Show HN: CLI tool for detecting non-exact code duplication with embedding models
18 points by rkochanowski 2 hours ago | 5 comments

rkochanowski 2 hours ago
I built Slopo to solve one specific problem: finding similar code that is hardest to detect by other tools, coding AI agents, and humans.

It finds similar-looking code with embeddings. This detects more than just copy-paste clones or even clones with minor changes. Similar code is often not a clone to refactor, and this is a trade-off. Initial results need to be verified, but coding agents can do this quickly. Example prompts are available on https://slopo.dev

Additionally, similar code distant in the codebase is ranked higher to focus on less obvious duplication.

The results differ a lot depending on the codebase. I noticed that sometimes most of the detected duplicates are false positives, but the remaining ones are strong candidates to refactor or even bugs.

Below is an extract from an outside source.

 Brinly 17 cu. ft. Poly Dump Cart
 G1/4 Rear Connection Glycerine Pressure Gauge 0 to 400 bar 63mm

Sometimes it reveals much more real duplication.

reply
realxrobau 2 hours ago
If it did PHP I would love to run it over WordPress. What would it take to add that?
reply
rkochanowski 42 minutes ago
PHP support can be easily added, I will release a new version soon.
reply
raro11 14 minutes ago
Thank you
reply
murats 30 minutes ago
Nice idea. I can see this being useful before refactors, especially when the duplication is semantic rather than copy paste.
reply
NYCHMPAI 32 minutes ago
[flagged]
reply